- **What is expected**:
Return each line exactly, beginning with the one that has "Daffy Duck falls in love" and finishing with the final line of the material. Drop any pictures.
___ Provided entries ___
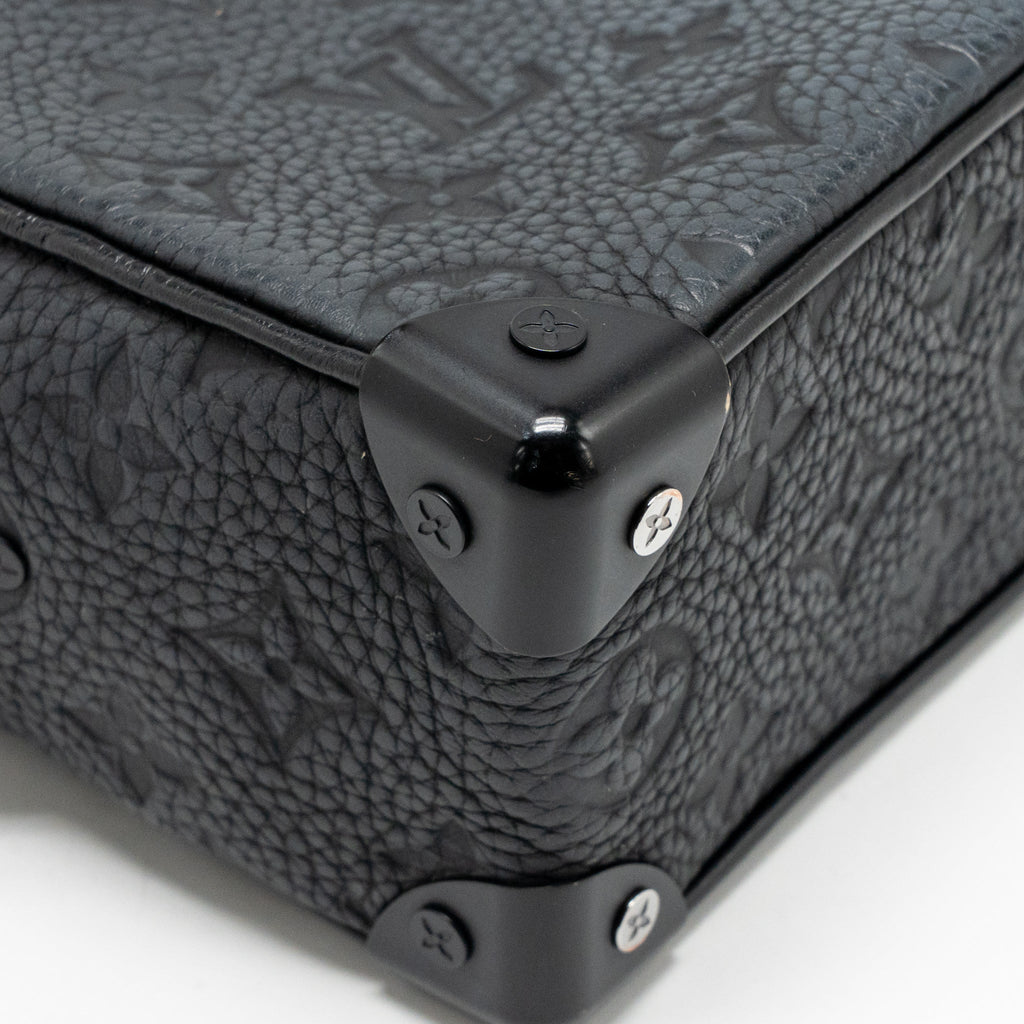 Louis Vuitton Mini Soft Trunk Monogram Taurillon Leather SO Black
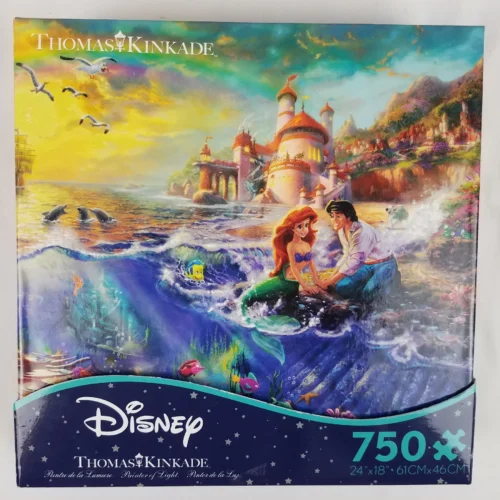 Disney Thomas Kinkade Ceaco The Little Mermaid 750pc Jigsaw Puzzle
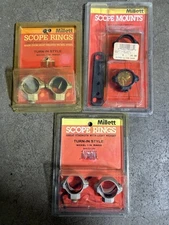 MILLETT 1" Scope Rings Set Of 3 612 614 688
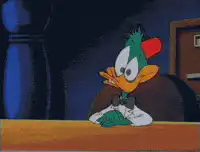 Daffy Duck falls in love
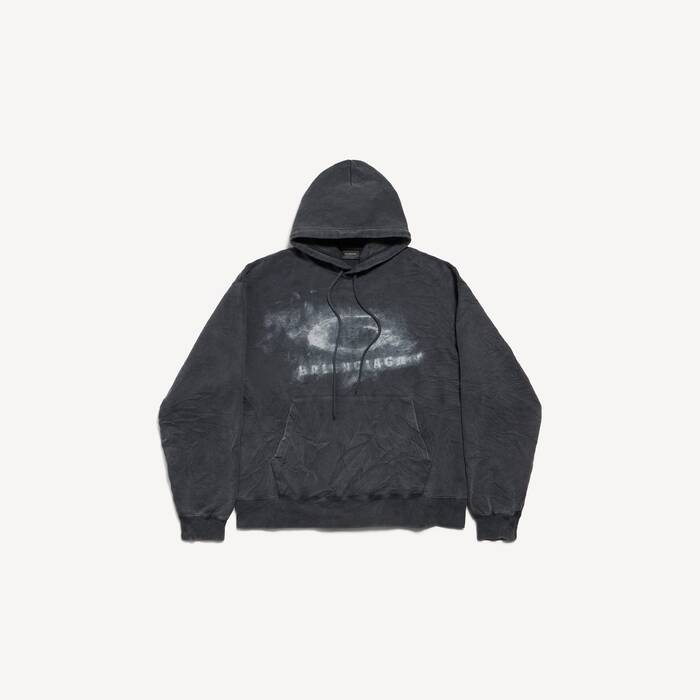 hoodie washed crayon loop oversize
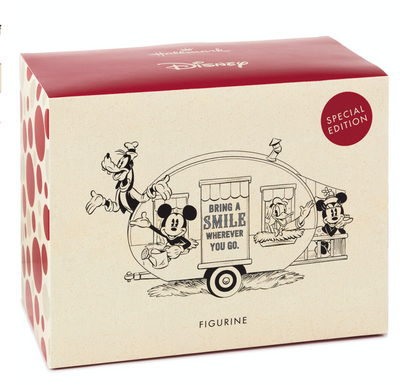 Hallmark Disney Mickey Friends Camper Bring a Smile Wherever You Go Figurine New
___
- **Output for this task**:
 Daffy Duck falls in love
 hoodie washed crayon loop oversize
 Hallmark Disney Mickey Friends Camper Bring a Smile Wherever You Go Figurine New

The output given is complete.